• DATA
-----
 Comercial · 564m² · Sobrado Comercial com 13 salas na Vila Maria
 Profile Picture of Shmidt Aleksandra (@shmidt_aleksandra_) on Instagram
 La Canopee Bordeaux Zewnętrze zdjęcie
-----
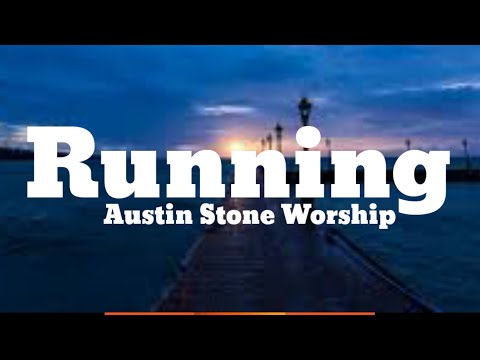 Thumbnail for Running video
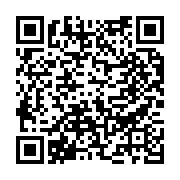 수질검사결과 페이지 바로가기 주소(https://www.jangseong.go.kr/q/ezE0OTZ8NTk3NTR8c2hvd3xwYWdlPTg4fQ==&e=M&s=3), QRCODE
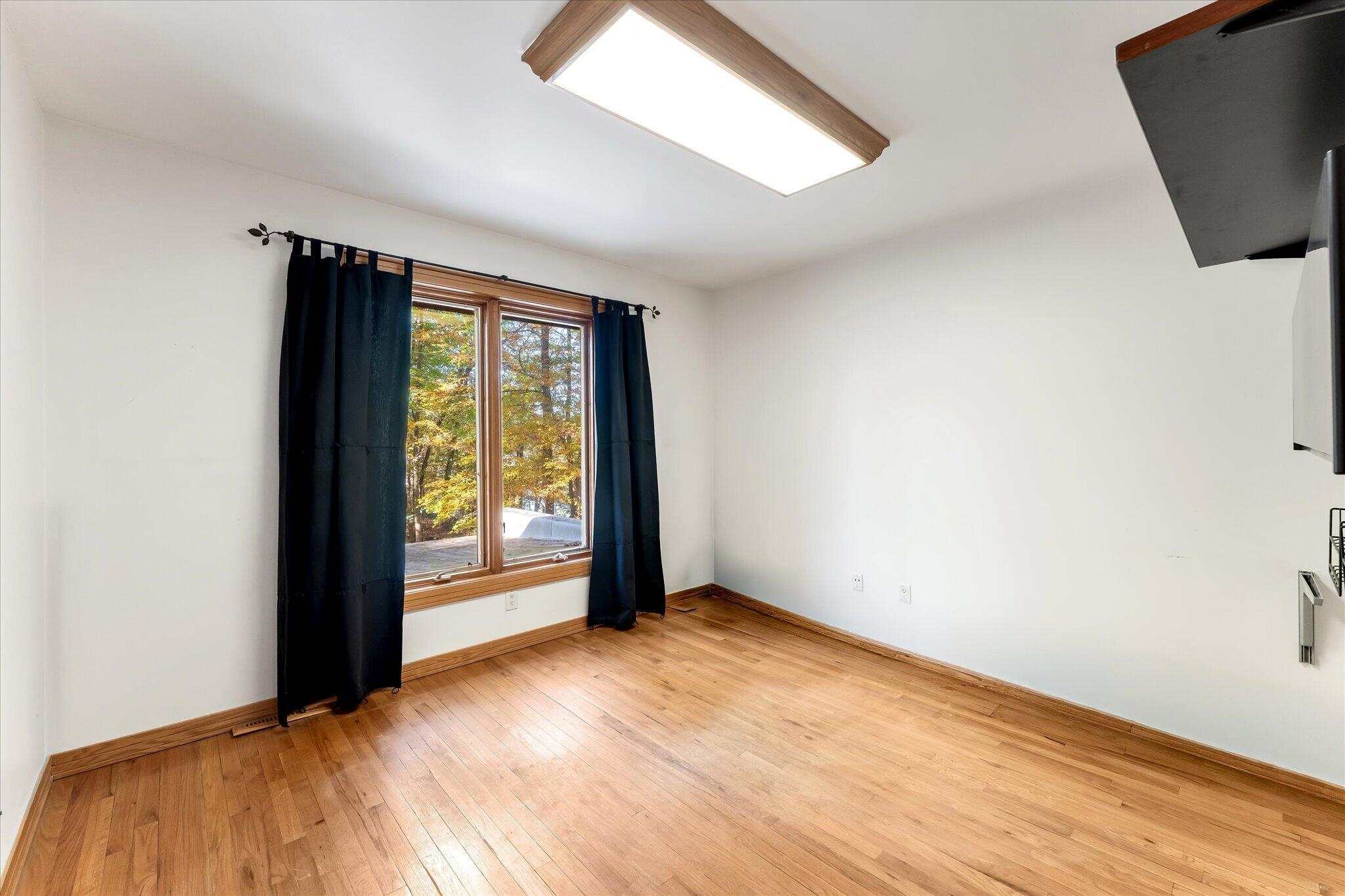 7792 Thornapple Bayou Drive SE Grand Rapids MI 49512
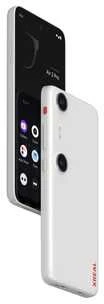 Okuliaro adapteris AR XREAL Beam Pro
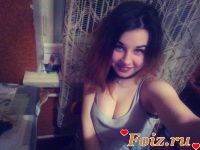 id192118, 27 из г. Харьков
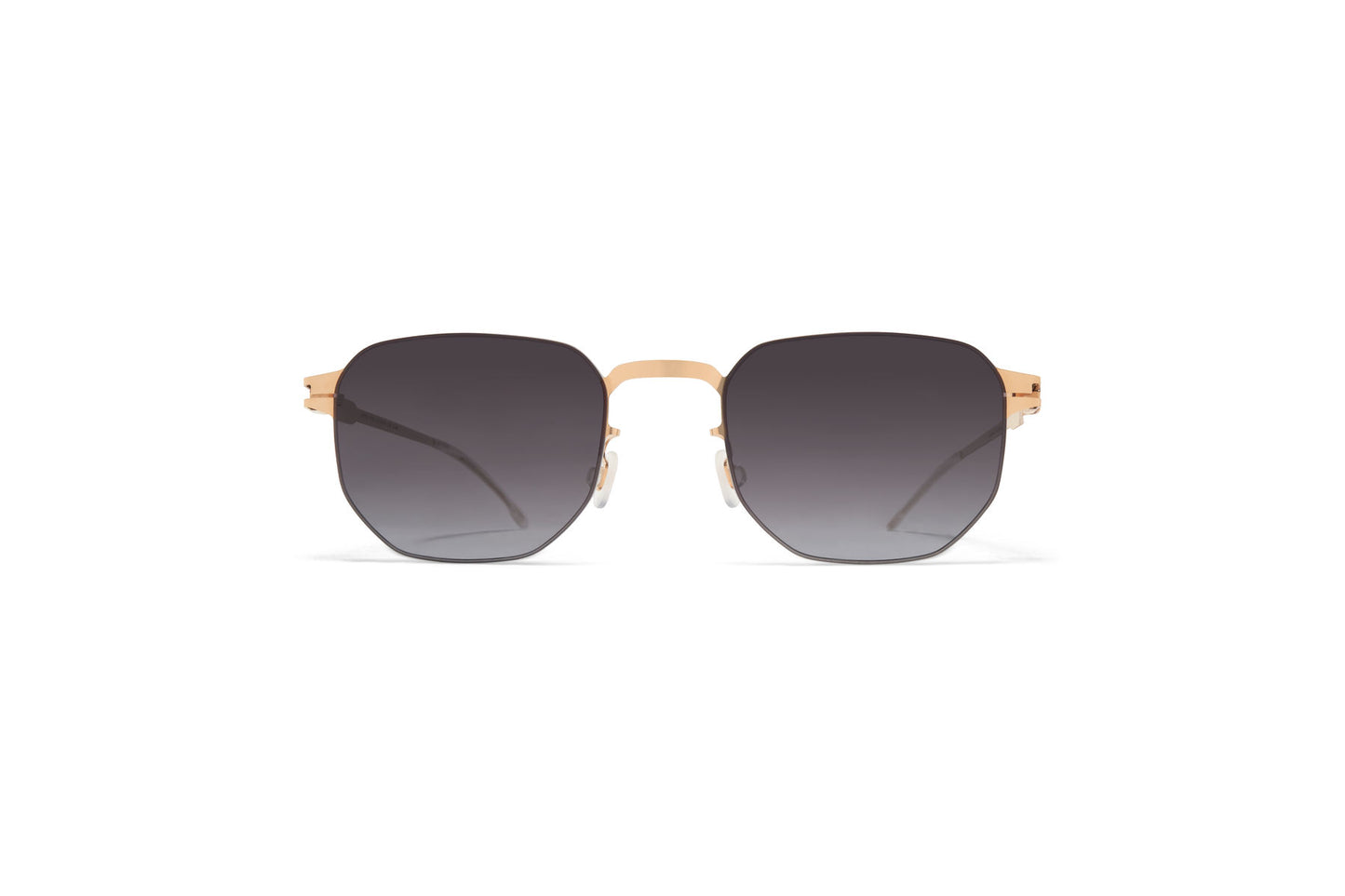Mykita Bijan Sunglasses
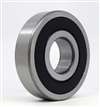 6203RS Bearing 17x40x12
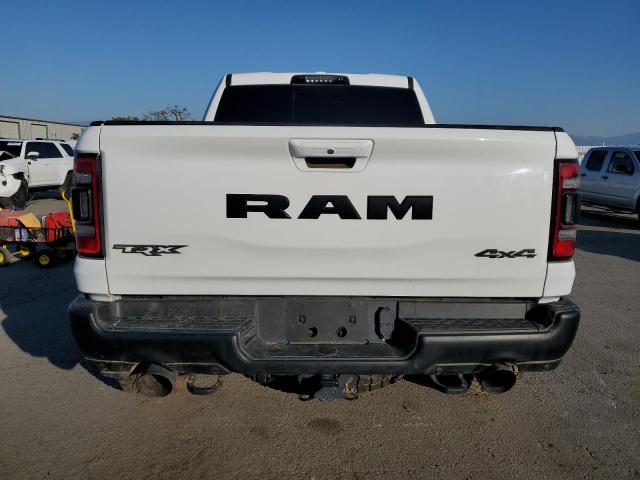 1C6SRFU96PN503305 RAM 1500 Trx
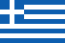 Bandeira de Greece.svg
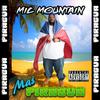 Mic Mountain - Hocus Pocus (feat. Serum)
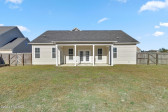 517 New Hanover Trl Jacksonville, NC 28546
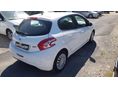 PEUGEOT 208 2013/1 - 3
-----
• YOUR GOAL
Copy exactly the part of the material above that opens with the line containing "Mic Mountain - Hocus Pocus (feat. Serum)" and closes with the line containing "PEUGEOT 208 2013/1 - 3", ends included. Drop the images.

• TASK ANSWER
 Mic Mountain - Hocus Pocus (feat. Serum)
 517 New Hanover Trl Jacksonville, NC 28546
 PEUGEOT 208 2013/1 - 3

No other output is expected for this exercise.